BraveSirZaphod@kbin.social · 11 months ago

This perspective of “Either you agree with me or you’re complicit in a conspiracy against me” is incredibly childish and immature.

Sometimes people have different opinions than you. Try to find a way to deal with it.

BraveSirZaphod@kbin.social · 1 year ago

I don’t think the government views video game mod hosts as so fundamental to a healthy society that they require strong limitations on their own freedom of speech, but you’re welcome to call up your representative and start a campaign for the ability to force Nexus to host Nazis if it’s truly important to you.

BraveSirZaphod@kbin.social · 1 year ago

Forcing people to host speech they don’t want to is far more draconian than not doing so.

You’d probably be more than a little annoyed if I put a swastika sign on your front yard and then told you that you were infringing on my right to free speech when you went to go remove it.

BraveSirZaphod@kbin.social · 1 year ago

If you’re looking for games that have nothing that might make you uncomfortable, those games do exist, but Baldur’s Gate is not one of them.

For a lot of people, directly tackling elements of life that are uncomfortable or actively unpleasant is what can make a game, movie, or whatever else high quality art. Schindler’s List is explicitly about one of the most horrendous chapters in all of human history, and it’s also one of the greatest movies ever made. Being uncomfortable isn’t necessarily a bad thing.

BraveSirZaphod@kbin.social · 1 year ago

This is not the Baldur’s Gat devs dashing into the mod maker’s house and holding him at gunpoint until he deletes the mod. I’d agree, that would be inappropriate.

What this is instead is the people running Nexus deciding that they don’t want to be associated with this kind of content and that they are not willing to host it. If you owned a bar and it started being frequented by neo-Nazis, you’d be perfectly within your rights to kick them out, because you’re a private business owner and can conduct it however you like within the bounds of the law.

Your position isn’t the “live and let live” idea you think it is, because what you’re in effect claiming is that the people behind Nexus should be forced to host content that they find extremely morally objectionable.

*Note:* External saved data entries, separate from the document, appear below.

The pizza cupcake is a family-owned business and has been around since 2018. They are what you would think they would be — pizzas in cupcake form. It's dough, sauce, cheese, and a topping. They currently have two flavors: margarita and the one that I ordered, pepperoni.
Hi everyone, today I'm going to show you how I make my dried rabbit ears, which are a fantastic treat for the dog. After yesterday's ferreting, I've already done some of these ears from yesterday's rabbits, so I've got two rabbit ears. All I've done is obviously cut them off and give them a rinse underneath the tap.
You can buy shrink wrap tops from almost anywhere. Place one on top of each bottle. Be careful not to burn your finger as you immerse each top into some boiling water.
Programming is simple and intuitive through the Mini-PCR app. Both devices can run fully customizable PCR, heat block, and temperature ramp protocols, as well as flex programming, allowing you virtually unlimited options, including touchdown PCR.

BraveSirZaphod@kbin.social · 1 year ago

Some context is that this is Spotify’s first profitable quarter in quite a while. Also, there are 11 million artists on Spotify. I won’t pretend to have any data on listening distribution, but even naively and stupidly going with a uniform split, that’s of course $5 per artist if you eliminated Spotify’s profit entirely. In reality, most of those will have next to no listeners, and the vast majority of streams are going to the top several thousand.

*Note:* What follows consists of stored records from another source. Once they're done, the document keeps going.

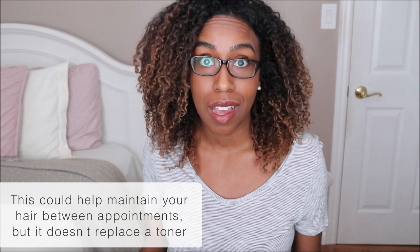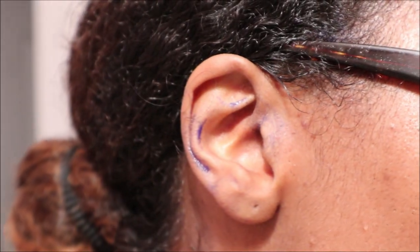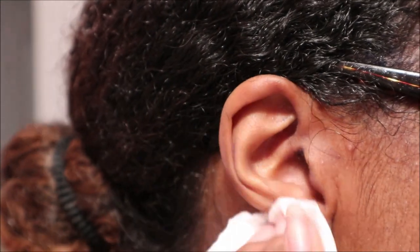Since the shampoo and mask have purple and blue tints, you want to be careful because it can get a little messy. If you have fair skin, be careful about staining — you can use gloves when applying. Personally, I didn't use gloves, but I made sure to wipe off my skin. My ears had a little product on them afterwards and it came off perfectly fine. Also be careful in your shower. Make sure to read the label and do a patch test beforehand to check for any irritations or allergies.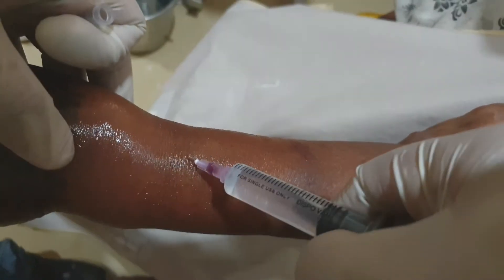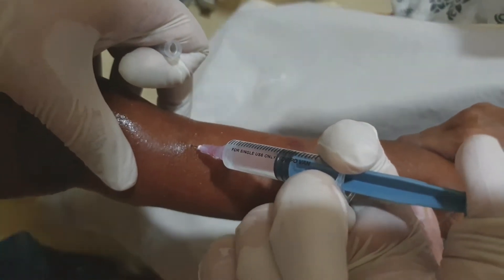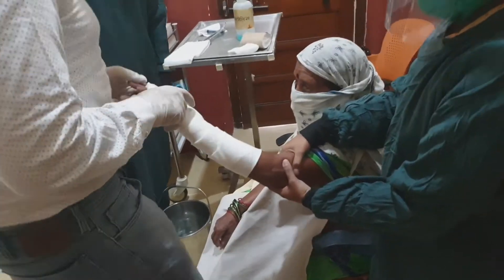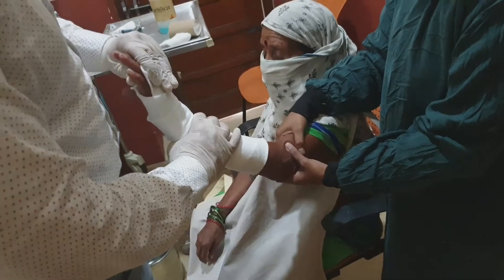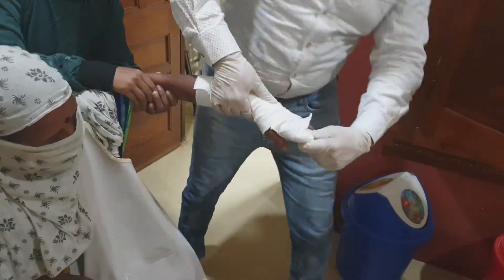Blood will appear in the needle hub. With experience, you will be able to differentiate between arterial blood and hematoma blood. After injecting it, you have to apply the soft roll and perform a cogwheel motion to disimpact the fracture.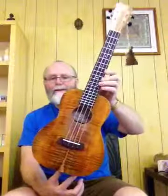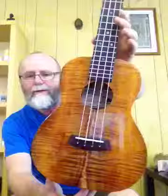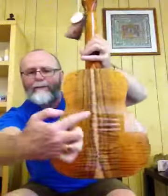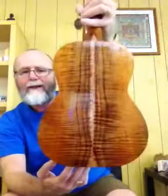Hi all, I have another beautiful handmade custom Kanilea here in stock at the moment. It's the K1T Premium. Look at the beautiful curl in this colour — it's stunning. Look at the curl and the beautiful sapwood down the middle. Stunning piece of curly colour.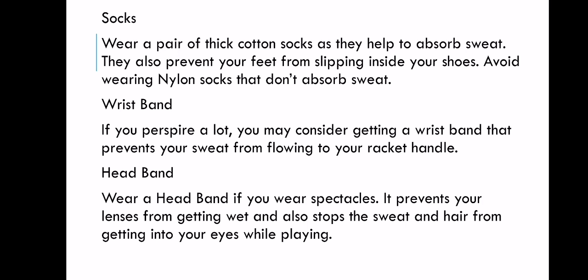Headband. Wear a headband if you wear spectacles, glasses, or shades. It can be prescription glasses to see the play better, or glasses to protect your eyes from UV rays. It prevents your lenses from getting wet and also stops sweat and hair from getting into your eyes while playing. The wristband, headband, socks, and grip all have almost the same purpose — to block sweat, since sweat can make your hand slippery and cause your glasses to become slippery or wet as well.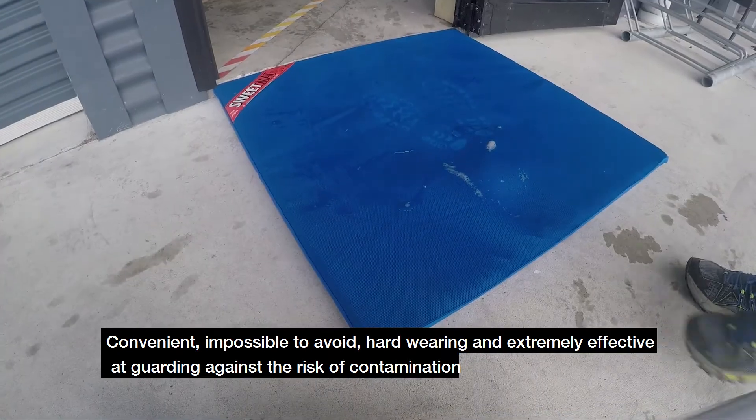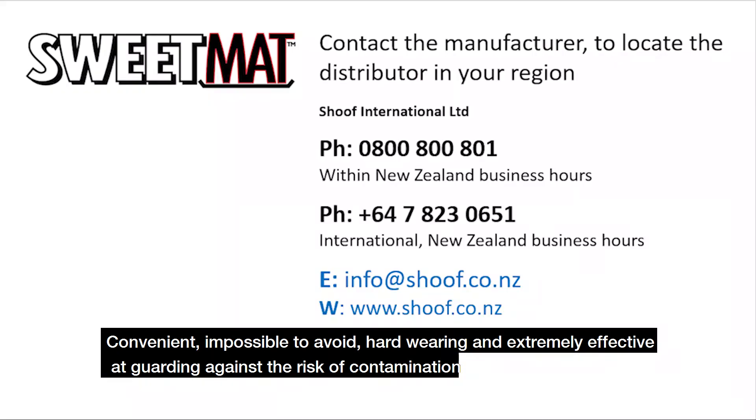Convenient, impossible to avoid, hard-wearing and extremely effective at guarding against the risk of contamination.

The deeper question to ask is where all the streaming revenue is actually going, and the answer to that isn’t to line Spotify’s pockets; it’s to the labels.

BraveSirZaphod@kbin.social · 1 year ago

This is the kind of thing where moderators need to put in a lot of active work to enforce some level of content and behavior standards or it’ll simply collapse to the basic state of human laziness like most online communities.

There’s not exactly anything wrong with that - it’s perfectly normal - but people will always default to doing this kind of thing unless there’s active effort to prevent it, and I haven’t really seen any Fediverse communities interested in doing that work yet (which I wouldn’t blame them for; it’s nontrivial)

BraveSirZaphod@kbin.social · 1 year ago

It’s quite obvious that most people commenting here didn’t read the post, given that it says 90% of creators already have all ad types enabled for pre and post video already, and that it directly leads to greater payouts to them.